Category Archives: Individual rights

The Scalia School: a Bastion of Conservative Thought

The Scalia School of Law at George Mason University has significant disadvantages in the scrabbling for prestige among American law schools. Founded in 1979, it’s a relatively young institution, which means graduates have had less time to accumulate wealth, donate, and leave bequests than their counterparts at older institutions have done. As a result, the school’s endowment is a negligible $4.4 million. Scalia also is part of a public institution that for many years treated it as a cash cow to be milked rather than an asset to be invested in.

Yet Scalia fares well in rankings of law school prestige — having made it into the Top 50 among 200 law schools every year over the past 18 years and having scored 41st in the most recent US News & World-Report ranking. In a 2015 ranking of scholarly impact based upon the number of law journal citations by its faculty, Scalia did even better: It scored 21st.

One reason that Scalia “punches above its weight,” suggests Dean Henry Butler, is the intellectual diversity of its faculty. “Conservatives and libertarians are under-valued in the academic marketplace,” he says. “That allows us to recruit a stronger faculty.”

Lawyers tend to be more liberal than the general population, and law school professors more liberal than practicing lawyers. A 2017 research working paper, “The Legal Academy’s Ideological Conformity” found that only 15% of law school professors are politically conservative compared to 35% for lawyers as a whole.

Scalia is a marked exception to the national norm. Of the 49 highest-ranked laws schools in the country, Scalia had the largest percentage of conservative professors, roughly 80%. Only two other law schools, Brigham Young University and Pepperdine, had majority-conservative faculties.

Not surprisingly, the conservative faculty of GMU’s law school, named after deceased conservative Supreme Court Justice Antonin Scalia, has made it a target of the left. A group called UnKoch My Campus used the Freedom of Information Act  to obtain emails and copies of gift agreements purporting to show undue influence by the conservative/libertarian Charles Koch Foundation and the conservative Federalist Society for Law and Public Policy over the appointment of faculty members and creation of programs. The allegations were repeated by the New York Times and Washington Post. GMU President Angel Cabrera has ordered an inquiry into the terms of the gifts, but he has described only two such deals as “problematic” and noted that both have expired.

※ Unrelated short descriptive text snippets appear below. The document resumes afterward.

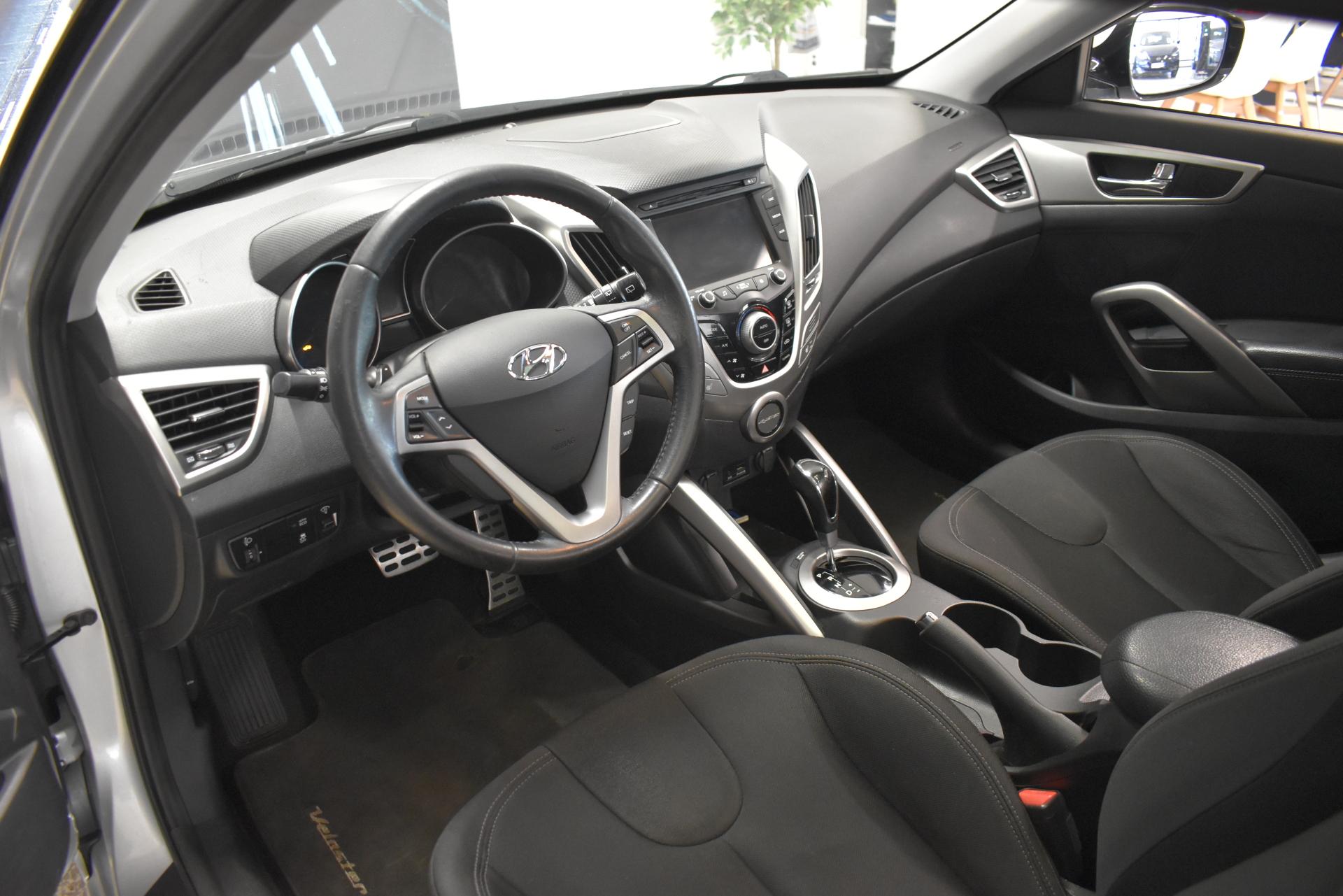HYUNDAI Veloster 2013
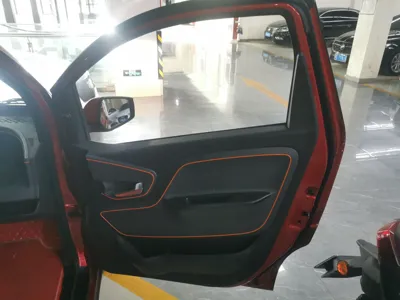 Baojun E100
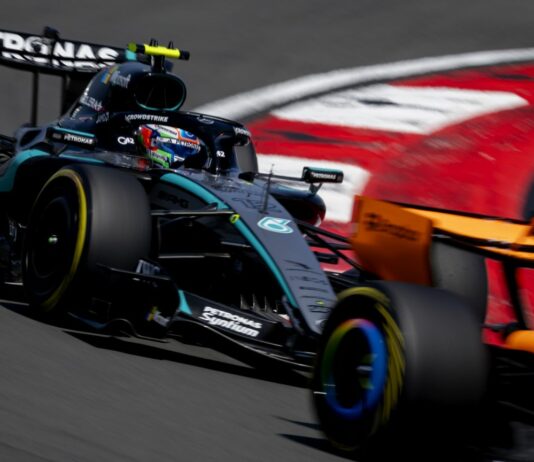 Antonelli fa la storia in Cina: è pole. Ferrari in seconda fila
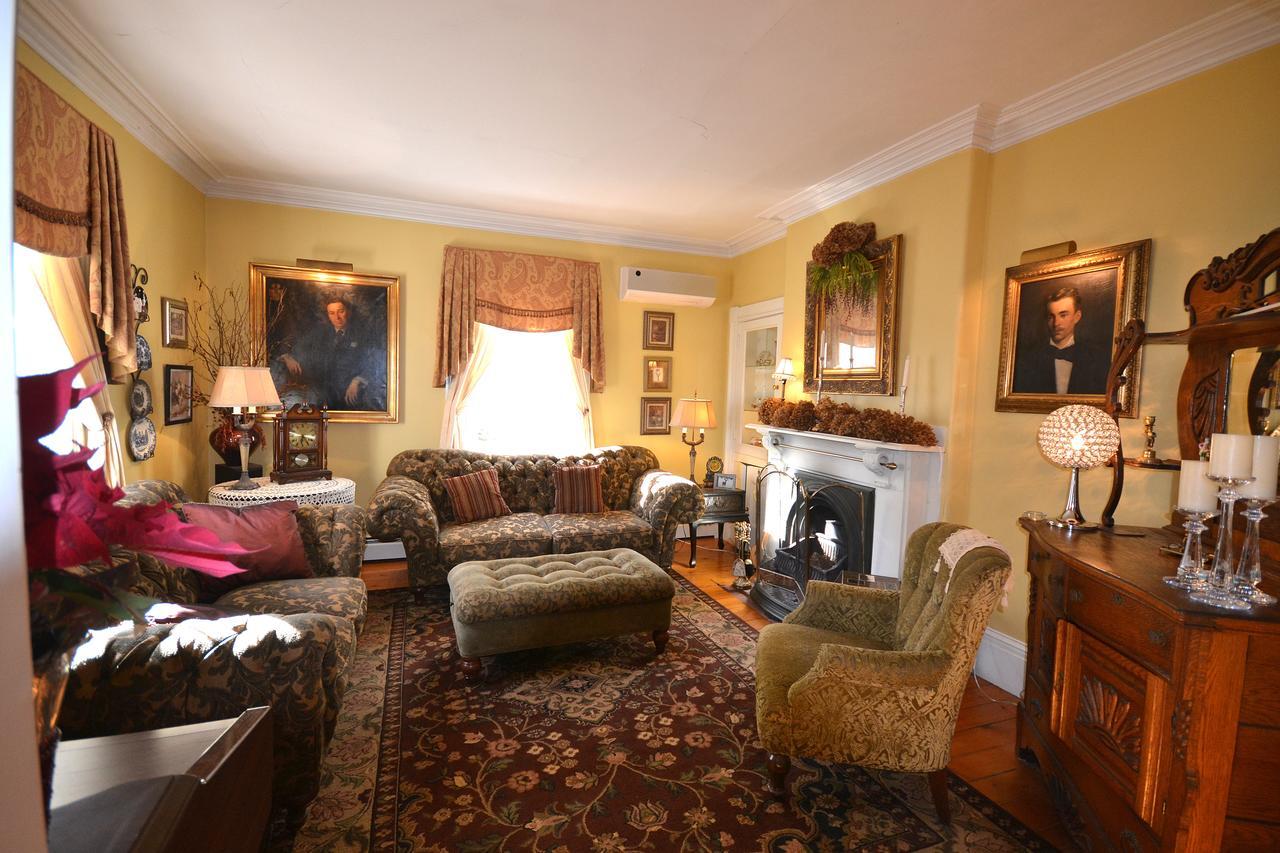 Briarwood Bed & Breakfast Elmsdale Exteriör bild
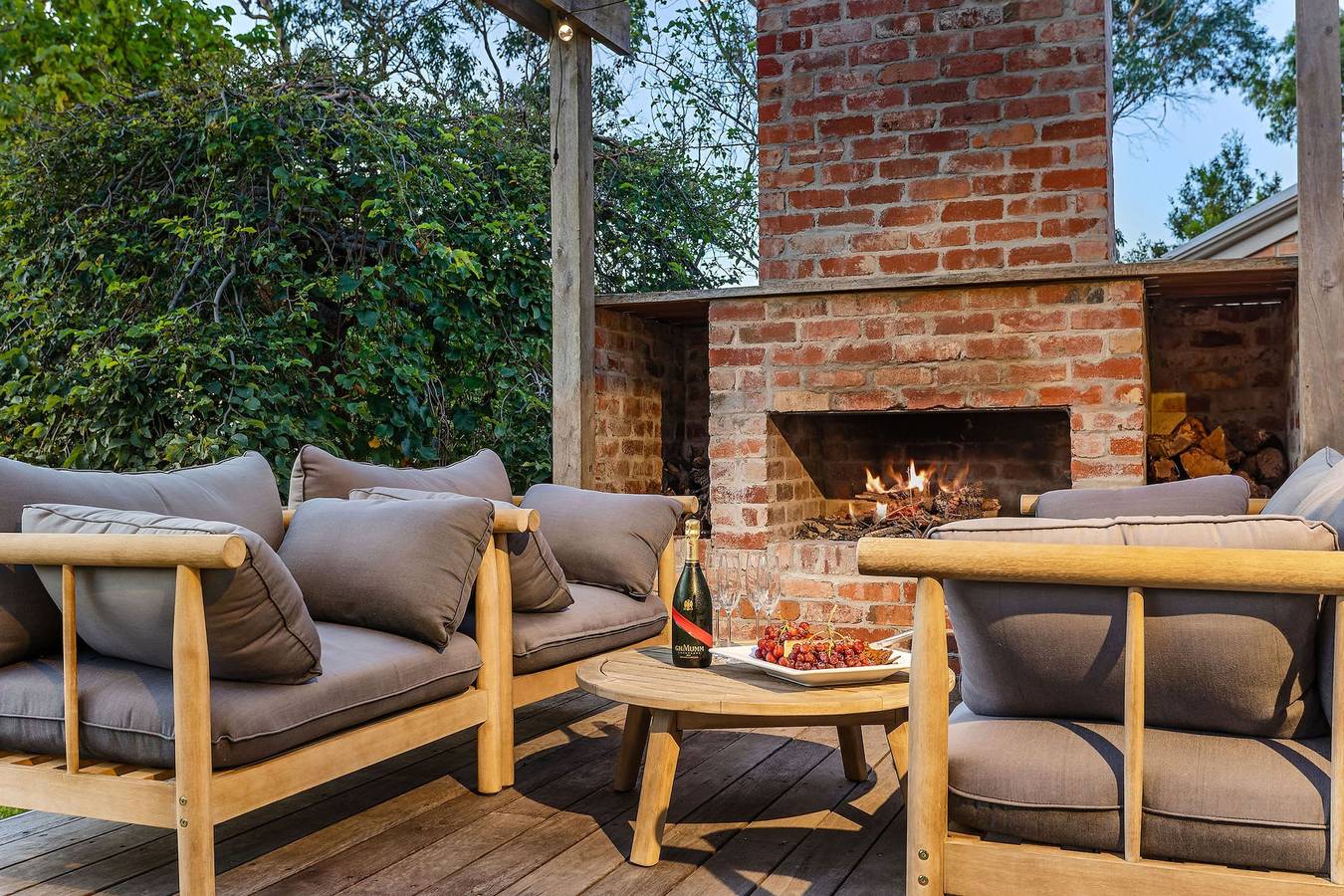 Tranquil Estate with Pool Heated Spa Gardens in Mount Eliza, Mornington Peninsula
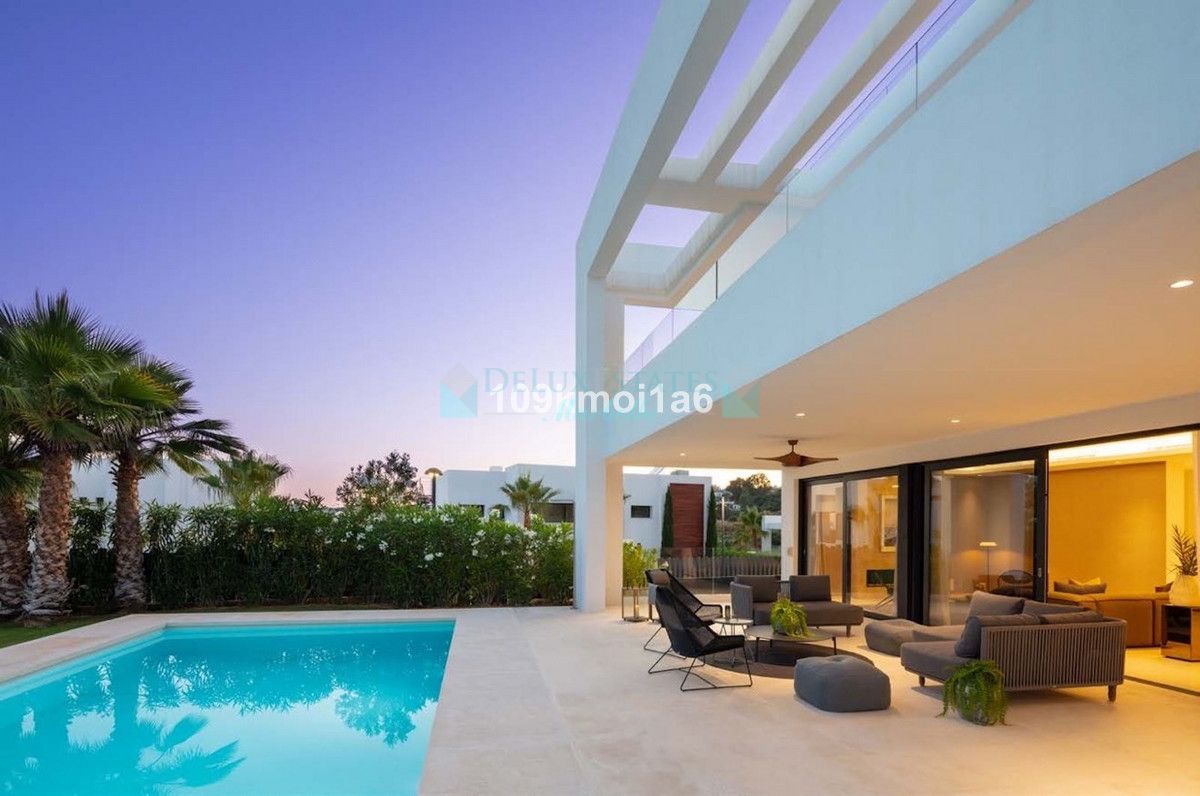 Villa for rent in Nueva Andalucia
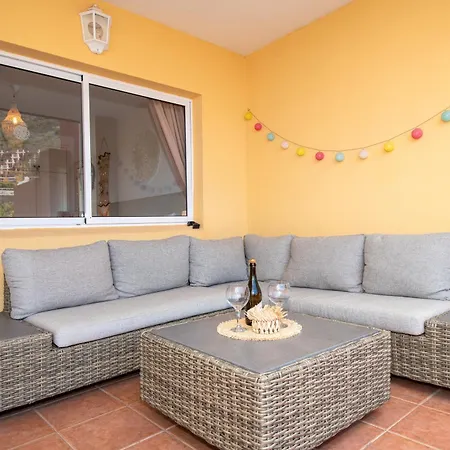 Angel Wings Ocean View Адехе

UnKoch My Campus expressed shock — shock! — at evidence it uncovered showing that Dean Butler had communicated extensively with the wealthy conservative donors. Butler offers no apologies. As dean of the law school, he is the fund-raiser in chief, which makes him the schmoozer in chief. He is proud of the school’s success in funding programs that elevate its profile in the legal community.

I had the opportunity to visit Butler earlier this month. School was out for the summer, and the dean greeted me clad in shorts, sockless, tassled loafers, and an untucked button-down shirt. He came across as affable, enthusiastic, and passionate — but not dogmatic — about conservative causes. While Scalia’s law professors are mostly conservative, he noted that there are “a couple of Democrats” on the faculty. Perhaps more importantly, students feel free to express liberal views. “We don’t muzzle anybody here.”

Unsurprisingly for a free-market conservative, Butler touts the “marketplace of ideas,” and he sees the Scalia School playing an important role in that marketplace.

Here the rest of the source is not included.